## Data for this task
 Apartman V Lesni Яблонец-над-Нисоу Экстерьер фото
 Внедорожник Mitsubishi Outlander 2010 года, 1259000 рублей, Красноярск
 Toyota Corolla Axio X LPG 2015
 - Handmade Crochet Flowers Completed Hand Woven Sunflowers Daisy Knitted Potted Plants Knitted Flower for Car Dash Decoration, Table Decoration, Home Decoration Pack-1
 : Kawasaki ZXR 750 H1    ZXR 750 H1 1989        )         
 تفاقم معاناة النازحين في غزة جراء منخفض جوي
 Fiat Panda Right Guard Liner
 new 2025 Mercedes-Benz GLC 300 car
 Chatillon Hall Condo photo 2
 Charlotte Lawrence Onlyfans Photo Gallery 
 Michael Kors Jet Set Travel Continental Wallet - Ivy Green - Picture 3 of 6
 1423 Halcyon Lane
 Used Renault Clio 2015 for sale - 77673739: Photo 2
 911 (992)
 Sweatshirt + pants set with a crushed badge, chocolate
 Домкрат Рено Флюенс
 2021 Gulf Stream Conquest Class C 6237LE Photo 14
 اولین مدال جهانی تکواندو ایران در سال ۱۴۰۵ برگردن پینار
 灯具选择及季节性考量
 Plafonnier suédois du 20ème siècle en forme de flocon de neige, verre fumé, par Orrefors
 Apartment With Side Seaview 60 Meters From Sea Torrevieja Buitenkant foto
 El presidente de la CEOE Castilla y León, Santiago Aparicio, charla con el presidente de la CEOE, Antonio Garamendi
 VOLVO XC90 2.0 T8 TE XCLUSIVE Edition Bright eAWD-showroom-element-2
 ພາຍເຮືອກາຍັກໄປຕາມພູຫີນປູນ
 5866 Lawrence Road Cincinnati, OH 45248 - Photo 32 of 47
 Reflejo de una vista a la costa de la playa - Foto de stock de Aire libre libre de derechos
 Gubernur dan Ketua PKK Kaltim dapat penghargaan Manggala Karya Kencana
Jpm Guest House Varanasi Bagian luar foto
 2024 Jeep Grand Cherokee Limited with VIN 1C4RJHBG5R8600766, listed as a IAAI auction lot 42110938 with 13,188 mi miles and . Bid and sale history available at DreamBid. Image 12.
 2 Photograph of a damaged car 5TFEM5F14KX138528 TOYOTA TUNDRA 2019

## Task item
Your task is to reproduce exactly the lines from the one with "Plafonnier suédois du" through the end of the listing. Both ends belong in the answer.

## Exercise output
 Plafonnier suédois du 20ème siècle en forme de flocon de neige, verre fumé, par Orrefors
 Apartment With Side Seaview 60 Meters From Sea Torrevieja Buitenkant foto
 El presidente de la CEOE Castilla y León, Santiago Aparicio, charla con el presidente de la CEOE, Antonio Garamendi
 VOLVO XC90 2.0 T8 TE XCLUSIVE Edition Bright eAWD-showroom-element-2
 ພາຍເຮືອກາຍັກໄປຕາມພູຫີນປູນ
 5866 Lawrence Road Cincinnati, OH 45248 - Photo 32 of 47
 Reflejo de una vista a la costa de la playa - Foto de stock de Aire libre libre de derechos
 Gubernur dan Ketua PKK Kaltim dapat penghargaan Manggala Karya Kencana
Jpm Guest House Varanasi Bagian luar foto
 2024 Jeep Grand Cherokee Limited with VIN 1C4RJHBG5R8600766, listed as a IAAI auction lot 42110938 with 13,188 mi miles and . Bid and sale history available at DreamBid. Image 12.
 2 Photograph of a damaged car 5TFEM5F14KX138528 TOYOTA TUNDRA 2019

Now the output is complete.